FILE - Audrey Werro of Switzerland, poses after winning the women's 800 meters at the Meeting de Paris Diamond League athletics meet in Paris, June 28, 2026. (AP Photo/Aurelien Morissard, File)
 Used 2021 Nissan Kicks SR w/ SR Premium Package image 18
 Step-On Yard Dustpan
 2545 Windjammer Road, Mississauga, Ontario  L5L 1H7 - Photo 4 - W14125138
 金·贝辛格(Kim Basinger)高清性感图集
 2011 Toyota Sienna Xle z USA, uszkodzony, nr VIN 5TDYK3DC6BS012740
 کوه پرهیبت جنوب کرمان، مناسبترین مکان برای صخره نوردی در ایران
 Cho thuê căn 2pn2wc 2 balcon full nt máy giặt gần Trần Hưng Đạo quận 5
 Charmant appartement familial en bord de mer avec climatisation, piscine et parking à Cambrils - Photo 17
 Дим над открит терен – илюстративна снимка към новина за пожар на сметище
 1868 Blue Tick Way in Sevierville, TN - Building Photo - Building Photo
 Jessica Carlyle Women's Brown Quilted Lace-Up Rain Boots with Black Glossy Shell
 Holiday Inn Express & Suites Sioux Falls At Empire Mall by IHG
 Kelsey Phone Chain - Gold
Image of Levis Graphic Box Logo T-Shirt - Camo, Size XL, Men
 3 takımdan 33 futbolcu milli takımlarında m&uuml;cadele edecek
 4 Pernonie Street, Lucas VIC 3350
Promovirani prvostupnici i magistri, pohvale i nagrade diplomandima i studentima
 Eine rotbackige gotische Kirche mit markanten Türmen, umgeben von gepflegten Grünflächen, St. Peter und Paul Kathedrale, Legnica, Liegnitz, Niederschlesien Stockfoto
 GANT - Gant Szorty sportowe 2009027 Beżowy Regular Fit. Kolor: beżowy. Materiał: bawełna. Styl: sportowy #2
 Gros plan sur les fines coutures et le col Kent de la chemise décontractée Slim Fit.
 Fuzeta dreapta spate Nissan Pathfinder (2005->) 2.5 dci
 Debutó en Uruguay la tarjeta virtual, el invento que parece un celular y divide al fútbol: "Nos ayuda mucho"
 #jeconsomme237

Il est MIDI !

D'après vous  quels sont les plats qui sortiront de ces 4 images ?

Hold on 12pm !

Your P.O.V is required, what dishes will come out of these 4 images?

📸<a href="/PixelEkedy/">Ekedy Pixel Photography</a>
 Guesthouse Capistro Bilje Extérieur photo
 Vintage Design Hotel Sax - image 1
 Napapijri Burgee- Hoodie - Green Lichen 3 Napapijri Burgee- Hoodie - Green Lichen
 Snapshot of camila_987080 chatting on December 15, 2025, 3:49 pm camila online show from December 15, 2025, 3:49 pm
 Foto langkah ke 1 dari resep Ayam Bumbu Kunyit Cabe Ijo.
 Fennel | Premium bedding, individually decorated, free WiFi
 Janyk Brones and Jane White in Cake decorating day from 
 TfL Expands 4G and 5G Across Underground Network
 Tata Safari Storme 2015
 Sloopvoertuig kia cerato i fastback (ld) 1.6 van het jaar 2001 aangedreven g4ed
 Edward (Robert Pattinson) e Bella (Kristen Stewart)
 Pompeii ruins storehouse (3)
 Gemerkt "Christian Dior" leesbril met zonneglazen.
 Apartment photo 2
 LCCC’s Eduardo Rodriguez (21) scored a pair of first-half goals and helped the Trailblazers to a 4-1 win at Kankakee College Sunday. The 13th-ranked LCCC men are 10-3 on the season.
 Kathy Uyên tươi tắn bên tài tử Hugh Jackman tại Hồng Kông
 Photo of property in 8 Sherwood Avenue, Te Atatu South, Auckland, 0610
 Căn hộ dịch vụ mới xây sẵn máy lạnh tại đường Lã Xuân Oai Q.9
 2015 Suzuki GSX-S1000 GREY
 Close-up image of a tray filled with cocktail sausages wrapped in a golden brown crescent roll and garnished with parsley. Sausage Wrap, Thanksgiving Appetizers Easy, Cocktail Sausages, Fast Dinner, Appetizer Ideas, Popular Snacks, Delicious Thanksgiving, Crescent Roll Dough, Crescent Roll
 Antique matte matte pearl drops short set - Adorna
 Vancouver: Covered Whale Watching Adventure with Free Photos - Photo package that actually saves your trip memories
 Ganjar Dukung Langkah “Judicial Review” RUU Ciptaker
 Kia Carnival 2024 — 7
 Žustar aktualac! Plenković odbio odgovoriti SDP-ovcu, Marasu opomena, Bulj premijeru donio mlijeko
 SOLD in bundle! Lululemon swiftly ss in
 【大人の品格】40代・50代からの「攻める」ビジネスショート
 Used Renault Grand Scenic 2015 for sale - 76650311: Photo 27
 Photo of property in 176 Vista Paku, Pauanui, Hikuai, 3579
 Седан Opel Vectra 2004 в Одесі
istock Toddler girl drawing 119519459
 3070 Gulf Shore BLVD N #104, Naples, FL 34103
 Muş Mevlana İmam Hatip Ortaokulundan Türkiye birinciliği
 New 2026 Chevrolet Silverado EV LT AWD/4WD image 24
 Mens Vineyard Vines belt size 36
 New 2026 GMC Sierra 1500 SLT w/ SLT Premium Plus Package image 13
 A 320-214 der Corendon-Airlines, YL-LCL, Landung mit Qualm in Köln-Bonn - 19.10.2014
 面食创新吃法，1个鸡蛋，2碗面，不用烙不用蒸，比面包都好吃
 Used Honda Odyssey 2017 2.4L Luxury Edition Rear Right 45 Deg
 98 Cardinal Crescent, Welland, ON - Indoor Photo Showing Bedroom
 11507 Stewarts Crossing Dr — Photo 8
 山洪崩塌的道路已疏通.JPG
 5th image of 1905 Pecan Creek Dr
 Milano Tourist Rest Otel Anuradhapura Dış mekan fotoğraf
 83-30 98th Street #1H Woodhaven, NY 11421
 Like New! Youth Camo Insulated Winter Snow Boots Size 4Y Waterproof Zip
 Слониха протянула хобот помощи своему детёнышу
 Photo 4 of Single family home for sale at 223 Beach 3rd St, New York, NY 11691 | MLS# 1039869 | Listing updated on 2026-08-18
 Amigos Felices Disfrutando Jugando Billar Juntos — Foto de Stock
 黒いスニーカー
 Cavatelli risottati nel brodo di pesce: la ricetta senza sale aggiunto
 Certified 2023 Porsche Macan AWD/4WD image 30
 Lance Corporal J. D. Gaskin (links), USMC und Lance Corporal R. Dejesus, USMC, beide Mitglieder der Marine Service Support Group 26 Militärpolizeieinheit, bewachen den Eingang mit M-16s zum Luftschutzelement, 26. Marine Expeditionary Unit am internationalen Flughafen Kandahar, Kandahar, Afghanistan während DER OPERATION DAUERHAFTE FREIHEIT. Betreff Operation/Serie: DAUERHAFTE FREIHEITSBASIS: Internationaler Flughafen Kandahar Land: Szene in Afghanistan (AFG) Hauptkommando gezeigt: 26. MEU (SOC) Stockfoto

§

Work task:
All records should be written out again exactly as given.

Expected answer:
FILE - Audrey Werro of Switzerland, poses after winning the women's 800 meters at the Meeting de Paris Diamond League athletics meet in Paris, June 28, 2026. (AP Photo/Aurelien Morissard, File)
 Used 2021 Nissan Kicks SR w/ SR Premium Package image 18
 Step-On Yard Dustpan
 2545 Windjammer Road, Mississauga, Ontario  L5L 1H7 - Photo 4 - W14125138
 金·贝辛格(Kim Basinger)高清性感图集
 2011 Toyota Sienna Xle z USA, uszkodzony, nr VIN 5TDYK3DC6BS012740
 کوه پرهیبت جنوب کرمان، مناسبترین مکان برای صخره نوردی در ایران
 Cho thuê căn 2pn2wc 2 balcon full nt máy giặt gần Trần Hưng Đạo quận 5
 Charmant appartement familial en bord de mer avec climatisation, piscine et parking à Cambrils - Photo 17
 Дим над открит терен – илюстративна снимка към новина за пожар на сметище
 1868 Blue Tick Way in Sevierville, TN - Building Photo - Building Photo
 Jessica Carlyle Women's Brown Quilted Lace-Up Rain Boots with Black Glossy Shell
 Holiday Inn Express & Suites Sioux Falls At Empire Mall by IHG
 Kelsey Phone Chain - Gold
Image of Levis Graphic Box Logo T-Shirt - Camo, Size XL, Men
 3 takımdan 33 futbolcu milli takımlarında m&uuml;cadele edecek
 4 Pernonie Street, Lucas VIC 3350
Promovirani prvostupnici i magistri, pohvale i nagrade diplomandima i studentima
 Eine rotbackige gotische Kirche mit markanten Türmen, umgeben von gepflegten Grünflächen, St. Peter und Paul Kathedrale, Legnica, Liegnitz, Niederschlesien Stockfoto
 GANT - Gant Szorty sportowe 2009027 Beżowy Regular Fit. Kolor: beżowy. Materiał: bawełna. Styl: sportowy #2
 Gros plan sur les fines coutures et le col Kent de la chemise décontractée Slim Fit.
 Fuzeta dreapta spate Nissan Pathfinder (2005->) 2.5 dci
 Debutó en Uruguay la tarjeta virtual, el invento que parece un celular y divide al fútbol: "Nos ayuda mucho"
 #jeconsomme237

Il est MIDI !

D'après vous  quels sont les plats qui sortiront de ces 4 images ?

Hold on 12pm !

Your P.O.V is required, what dishes will come out of these 4 images?

📸<a href="/PixelEkedy/">Ekedy Pixel Photography</a>
 Guesthouse Capistro Bilje Extérieur photo
 Vintage Design Hotel Sax - image 1
 Napapijri Burgee- Hoodie - Green Lichen 3 Napapijri Burgee- Hoodie - Green Lichen
 Snapshot of camila_987080 chatting on December 15, 2025, 3:49 pm camila online show from December 15, 2025, 3:49 pm
 Foto langkah ke 1 dari resep Ayam Bumbu Kunyit Cabe Ijo.
 Fennel | Premium bedding, individually decorated, free WiFi
 Janyk Brones and Jane White in Cake decorating day from 
 TfL Expands 4G and 5G Across Underground Network
 Tata Safari Storme 2015
 Sloopvoertuig kia cerato i fastback (ld) 1.6 van het jaar 2001 aangedreven g4ed
 Edward (Robert Pattinson) e Bella (Kristen Stewart)
 Pompeii ruins storehouse (3)
 Gemerkt "Christian Dior" leesbril met zonneglazen.
 Apartment photo 2
 LCCC’s Eduardo Rodriguez (21) scored a pair of first-half goals and helped the Trailblazers to a 4-1 win at Kankakee College Sunday. The 13th-ranked LCCC men are 10-3 on the season.
 Kathy Uyên tươi tắn bên tài tử Hugh Jackman tại Hồng Kông
 Photo of property in 8 Sherwood Avenue, Te Atatu South, Auckland, 0610
 Căn hộ dịch vụ mới xây sẵn máy lạnh tại đường Lã Xuân Oai Q.9
 2015 Suzuki GSX-S1000 GREY
 Close-up image of a tray filled with cocktail sausages wrapped in a golden brown crescent roll and garnished with parsley. Sausage Wrap, Thanksgiving Appetizers Easy, Cocktail Sausages, Fast Dinner, Appetizer Ideas, Popular Snacks, Delicious Thanksgiving, Crescent Roll Dough, Crescent Roll
 Antique matte matte pearl drops short set - Adorna
 Vancouver: Covered Whale Watching Adventure with Free Photos - Photo package that actually saves your trip memories
 Ganjar Dukung Langkah “Judicial Review” RUU Ciptaker
 Kia Carnival 2024 — 7
 Žustar aktualac! Plenković odbio odgovoriti SDP-ovcu, Marasu opomena, Bulj premijeru donio mlijeko
 SOLD in bundle! Lululemon swiftly ss in
 【大人の品格】40代・50代からの「攻める」ビジネスショート
 Used Renault Grand Scenic 2015 for sale - 76650311: Photo 27
 Photo of property in 176 Vista Paku, Pauanui, Hikuai, 3579
 Седан Opel Vectra 2004 в Одесі
istock Toddler girl drawing 119519459
 3070 Gulf Shore BLVD N #104, Naples, FL 34103
 Muş Mevlana İmam Hatip Ortaokulundan Türkiye birinciliği
 New 2026 Chevrolet Silverado EV LT AWD/4WD image 24
 Mens Vineyard Vines belt size 36
 New 2026 GMC Sierra 1500 SLT w/ SLT Premium Plus Package image 13
 A 320-214 der Corendon-Airlines, YL-LCL, Landung mit Qualm in Köln-Bonn - 19.10.2014
 面食创新吃法，1个鸡蛋，2碗面，不用烙不用蒸，比面包都好吃
 Used Honda Odyssey 2017 2.4L Luxury Edition Rear Right 45 Deg
 98 Cardinal Crescent, Welland, ON - Indoor Photo Showing Bedroom
 11507 Stewarts Crossing Dr — Photo 8
 山洪崩塌的道路已疏通.JPG
 5th image of 1905 Pecan Creek Dr
 Milano Tourist Rest Otel Anuradhapura Dış mekan fotoğraf
 83-30 98th Street #1H Woodhaven, NY 11421
 Like New! Youth Camo Insulated Winter Snow Boots Size 4Y Waterproof Zip
 Слониха протянула хобот помощи своему детёнышу
 Photo 4 of Single family home for sale at 223 Beach 3rd St, New York, NY 11691 | MLS# 1039869 | Listing updated on 2026-08-18
 Amigos Felices Disfrutando Jugando Billar Juntos — Foto de Stock
 黒いスニーカー
 Cavatelli risottati nel brodo di pesce: la ricetta senza sale aggiunto
 Certified 2023 Porsche Macan AWD/4WD image 30
 Lance Corporal J. D. Gaskin (links), USMC und Lance Corporal R. Dejesus, USMC, beide Mitglieder der Marine Service Support Group 26 Militärpolizeieinheit, bewachen den Eingang mit M-16s zum Luftschutzelement, 26. Marine Expeditionary Unit am internationalen Flughafen Kandahar, Kandahar, Afghanistan während DER OPERATION DAUERHAFTE FREIHEIT. Betreff Operation/Serie: DAUERHAFTE FREIHEITSBASIS: Internationaler Flughafen Kandahar Land: Szene in Afghanistan (AFG) Hauptkommando gezeigt: 26. MEU (SOC) Stockfoto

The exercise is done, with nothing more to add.